The driver of that cart once stopped at my door and descended into the kitchen. Luckily for me, I was, as usual, writing at the window at my desk, and, seeing him come in, I waited a few moments, and then descended into the lower regions too, and found him eloquently persuading my good little cook to sell bones &c. to him, but she was refusing staunchly; and then I appeared, and though, I confess honestly, I was shaking with fright, and was only sustained by the knowledge that the gardener was cleaning the boots near by, I gave that man a ‘piece of my mind,’ and, informing him that it was he and his fellows who made young servants thieves, bade him begone, telling him that if ever I found him on my premises again I would give him in charge; which so alarmed him that he fled at once to other houses, doubtless vituperating me in his mind all the time; but that I did not mind, as long as he transferred himself and his kindly attentions somewhere else.

In a well-regulated household every morsel of food should be used; the bones always are useful for soup, and a ‘digester’ should be one of Angelina’s most indispensable possessions. This should always be at hand for stock; and excellent soups, than which nothing is nicer on which to begin one’s dinner, can be procured by aid of the digester, if Angelina has a thoughtful cook, who uses every morsel to advantage, and never throws away a bone, even a fish bone, all of which aid the soup, and save buying other provisions.
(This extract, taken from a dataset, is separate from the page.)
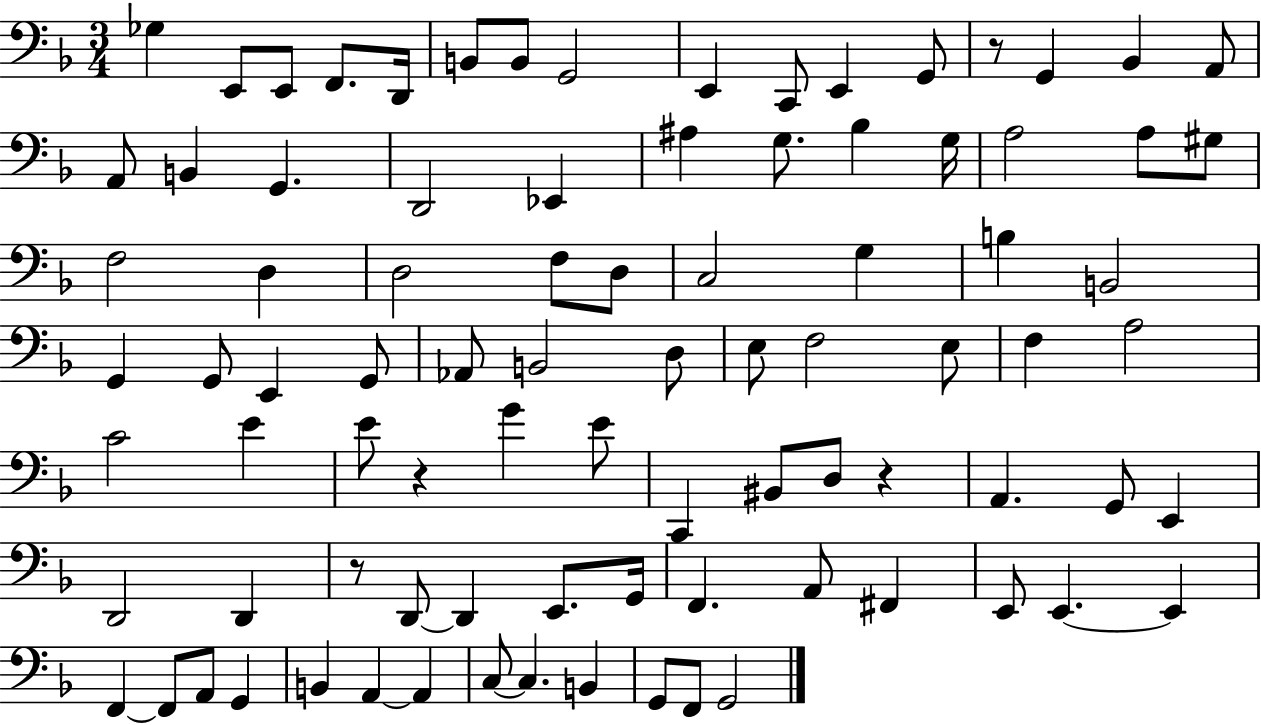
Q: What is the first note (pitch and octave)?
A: Gb3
Care and thought are centred in the kitchen, and once Angelina has carefully trained her maid into nice ways, the house will go like clockwork, and that is why I should advise any young housekeeper to take young girls as household servants (not on any account, by the way, as nurses; no young nurse is worth her keep save as an under-servant); an ‘experienced cook’ quotes her experience, and Angelina, having none to fall back upon, trembles and is conquered; but with a bright, intelligent girl, Mrs. Beeton’s most excellent book on household management (as regards food), a little common-sense, and a mother who has brought her daughter up sensibly, Angelina can start on her way, quite certain that she and her maidens will work together in a pleasant and satisfactory manner, and that she will never be exposed to domestic earthquakes such as occur with ‘experienced servants,’ who, having brought themselves up in a big establishment where nobody cared for them, go into Angelina’s small one in order to get as much out of it as they can, regarding all mistresses as their natural enemies!

One more subject as regards the kitchen. Never allow, on any pretext, that a dust-bin or a ‘wash-tub’ is ever needed. With a kitchener every morsel of débris should be burned in the close grate; and a dust-bin is never a necessity to any one who knows her business, and is determined never to allow of the smallest waste. There is nothing a kitchener will not burn—remember that, please! and flatly refuse to allow a dust-bin in any part of the house; it only means that waste will go on ad libitum, and that dirt and untidiness are favoured by one’s cook.